> What to produce:
Exact copies of the lines below, from the one with "So anyways, give" up to and including the one with "It's day one", are what this calls for; leave out pictures.

(Saved data entries)
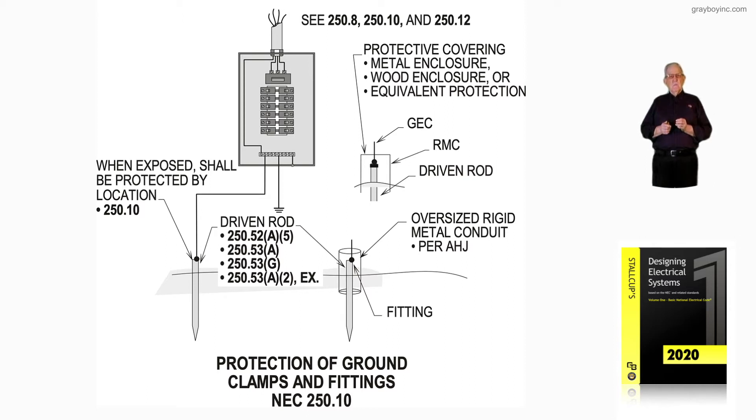Many times people want to know where in the code it addresses a driven rod. NEC 250.52A5 says a rod has to be eight feet in length, half inch in diameter, and eight feet of it in the earth. To be above the earth, as shown, it would have to be a ten-foot rod or long enough to give you eight feet in the earth.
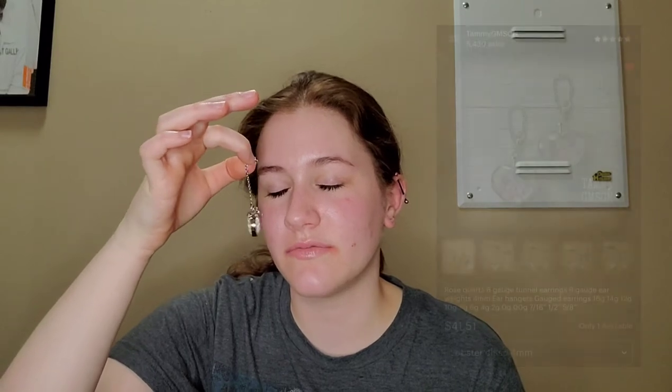I'm going to attempt to put in my quartz crystal ear weights. I don't know how much they weigh but they're pretty decently weighted in my opinion. My favorite color is pink and I found these on Etsy — I forget the seller but if I remember I'll link her in the description. I'm just gonna pinch the chain so it can't really move.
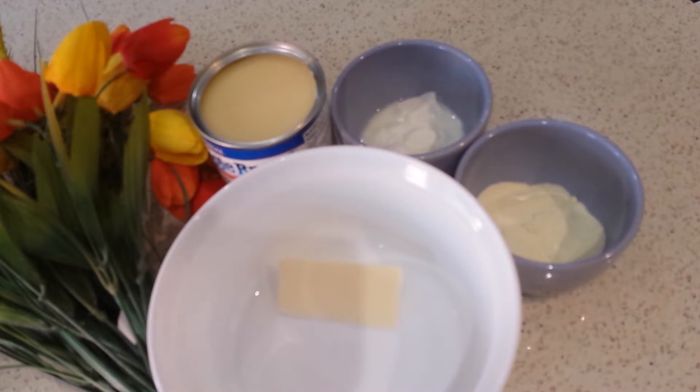The four ingredients are: butter, condensed milk, dahi — yogurt — and some milk powder. I've taken here about one tablespoon of butter, to which I'll add two tablespoons of milk powder, one tablespoon of plain yogurt, and about two-thirds of condensed milk. I'll mix them well and start doing it in the microwave.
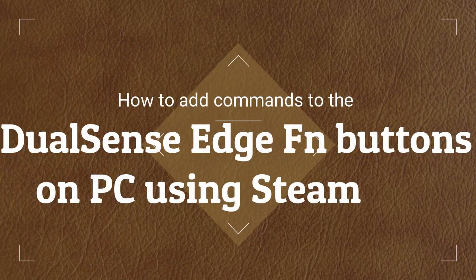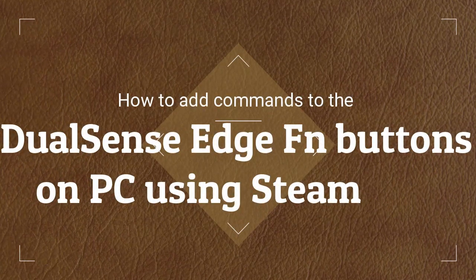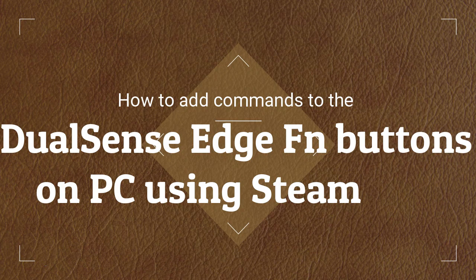Unlock this PS5 controller hack to make it a better PC gamepad. How to add commands to the DualSense Edge FN buttons on PC using Steam.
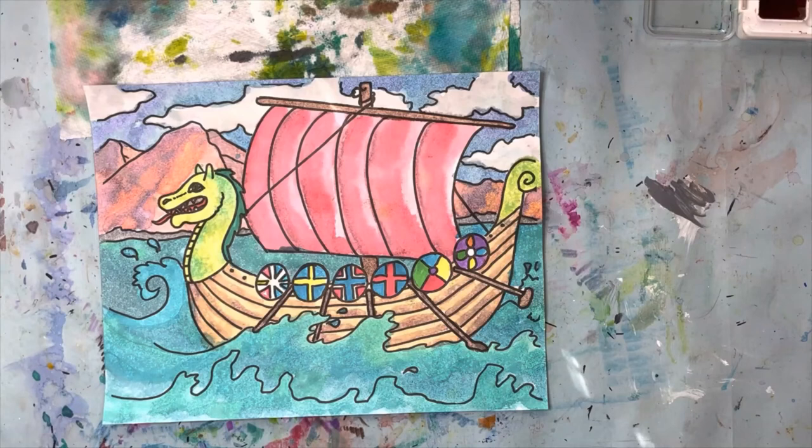That's it for today, friends. I hope you had a great time — I know I did. I look forward to working with you every week, and I hope to see your artwork. Have your family take a picture of you with your artwork at home and send it to me if you're doing these with a video or if you are a virtual student. Otherwise, I will see you in class. See you next time!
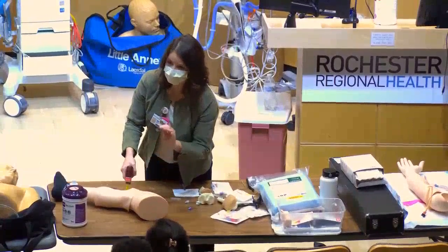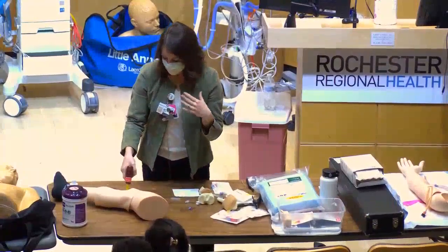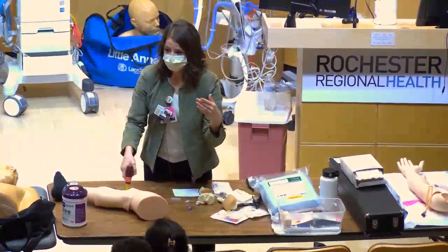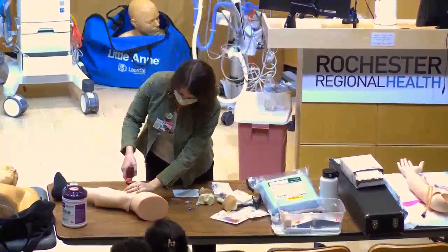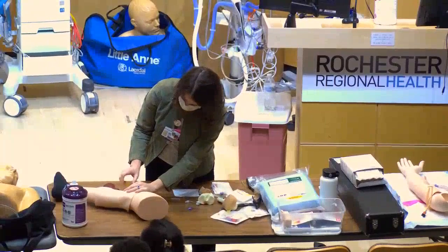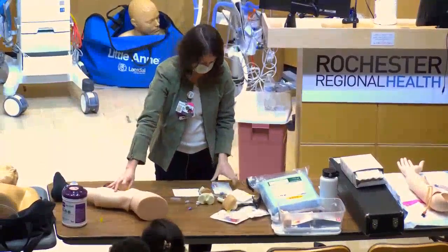You'll feel a release of tension — a pop — which means you're inside the marrow. Don't continue pushing the needle in further or you could go through the other side of the bone. Remove the drill, then unscrew the external needle — that goes in your sharps container. The IO is in, but it isn't secured yet.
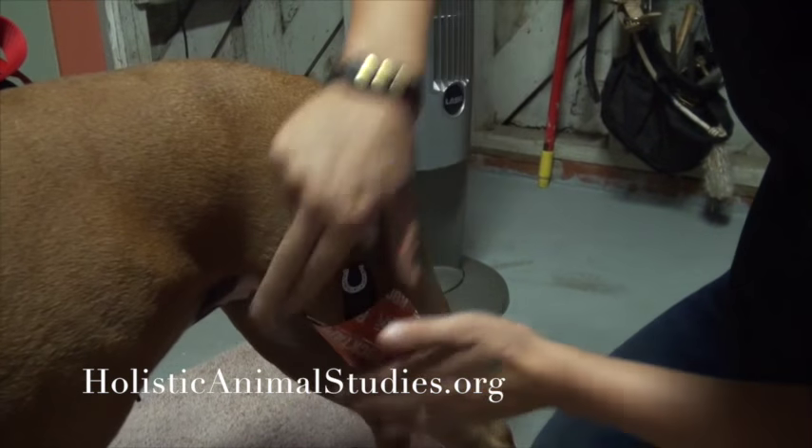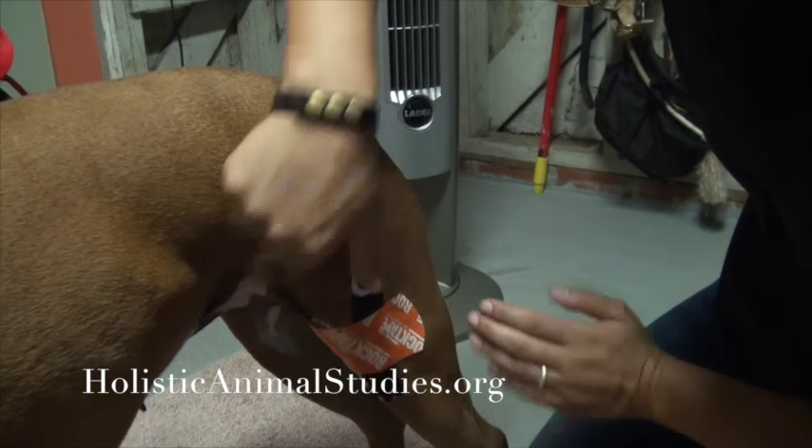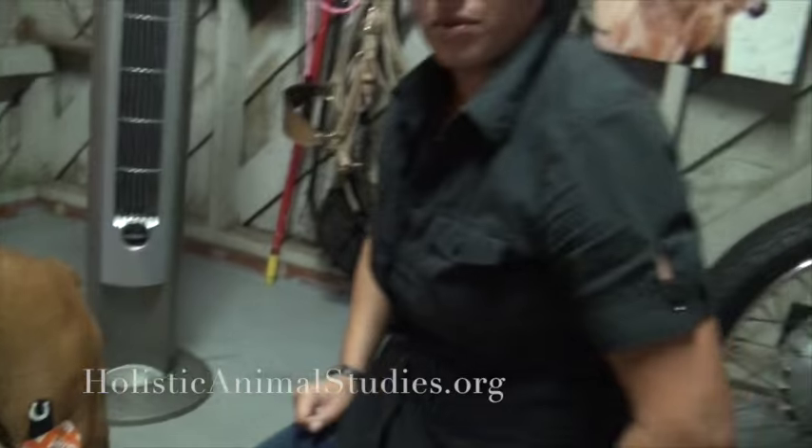We're just going to rub it down to try to activate the glue a little bit better, and that is what the knee support would look like.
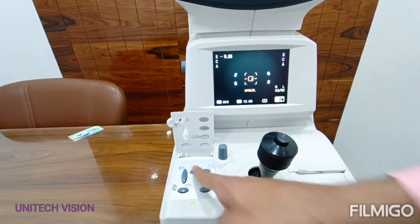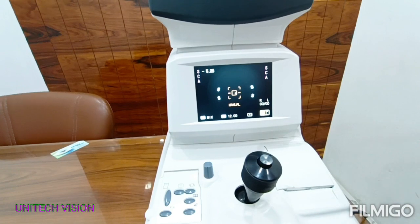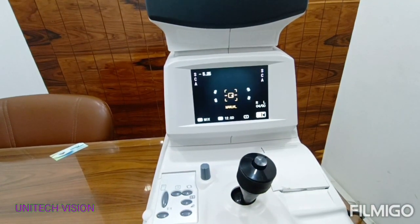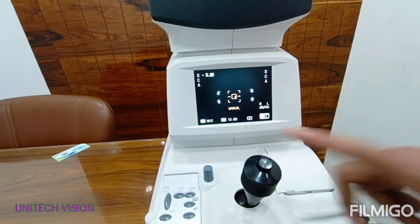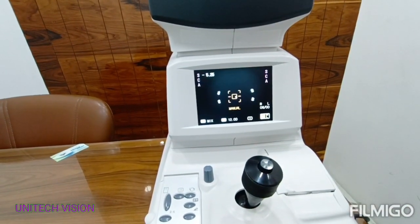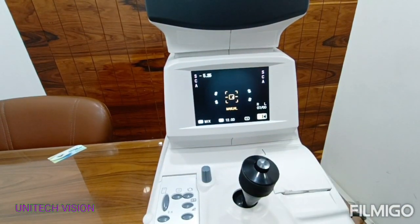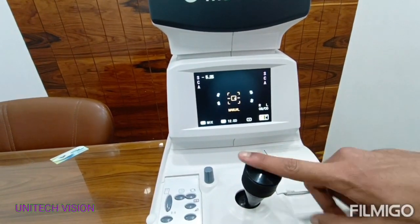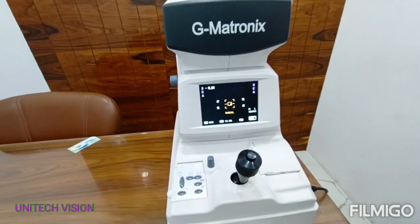Now manual mode. Readings 4, 5, 6, 7, 8, 9 — reading is complete in manual mode.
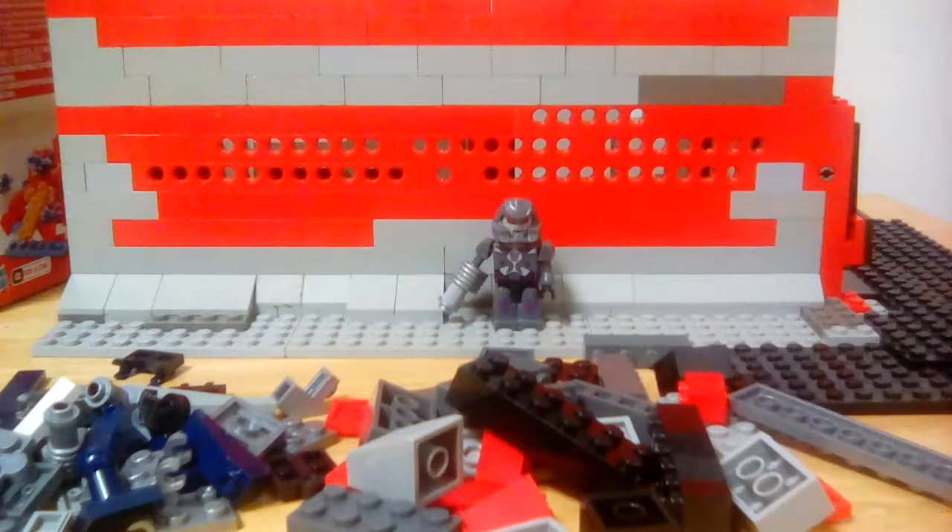So anyways, give me a second to get them together. Boy, this figurine has a lot to it.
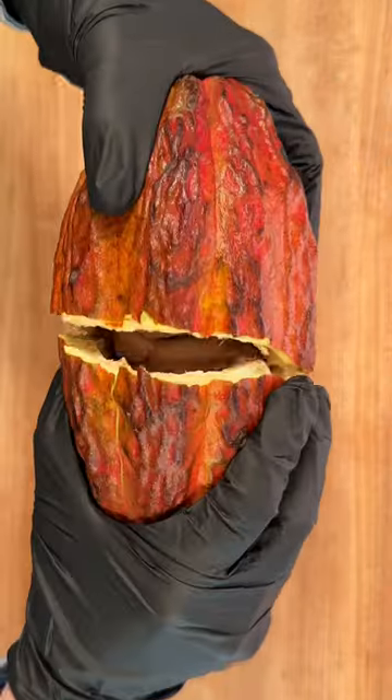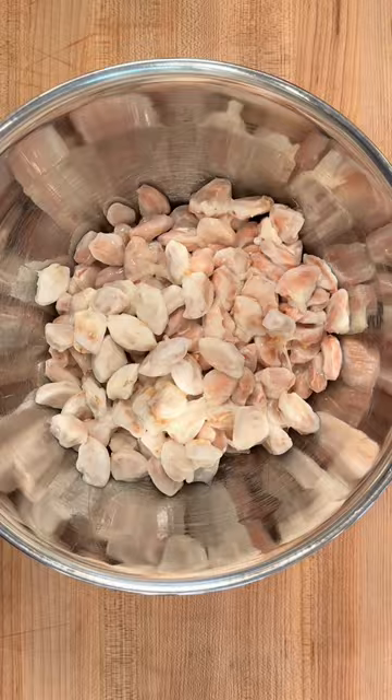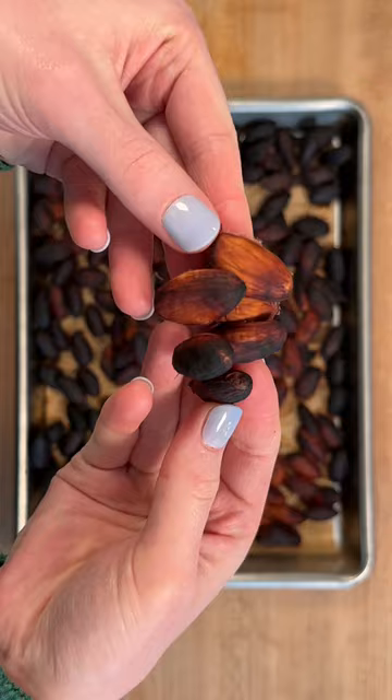It's day one of 30 days of chocolate and we're making chocolate chips straight from a cacao pod. Inside the pod are cacao beans. We're going to leave them to ferment for one week to develop their chocolatey flavors, then roast them at 300 degrees for about an hour and a half until they get nice and brown and toasty.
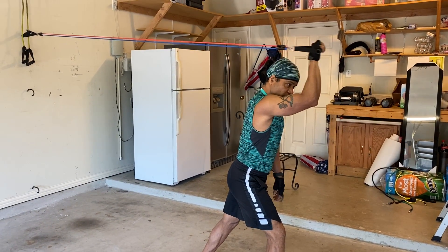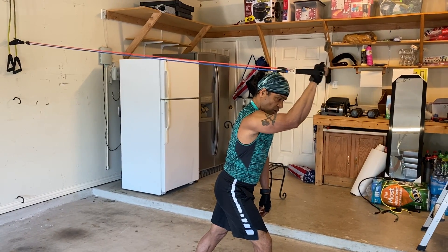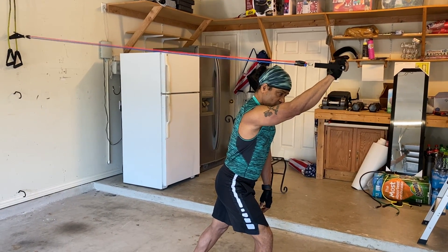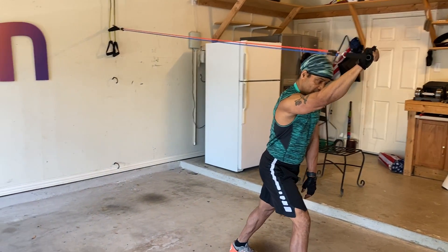Keep your elbow close to your face, that's it — all the way up, all the way down. When you're at the bottom, just stop for a fraction of a second, maybe a second or two.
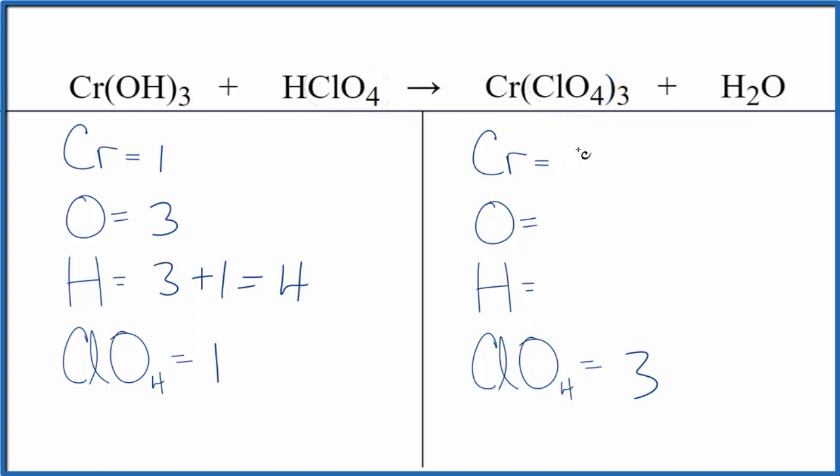On the product side, we have 1 chromium — we said we have 3 times 1, so 3 perchlorate ions. We have 1 oxygen and 2 hydrogens in water. So we've counted everything up, using our little trick with the perchlorate.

> Response box:
So anyways, give me a second to get them together. Boy, this figurine has a lot to it.
It's day one of 30 days of chocolate and we're making chocolate chips straight from a cacao pod. Inside the pod are cacao beans. We're going to leave them to ferment for one week to develop their chocolatey flavors, then roast them at 300 degrees for about an hour and a half until they get nice and brown and toasty.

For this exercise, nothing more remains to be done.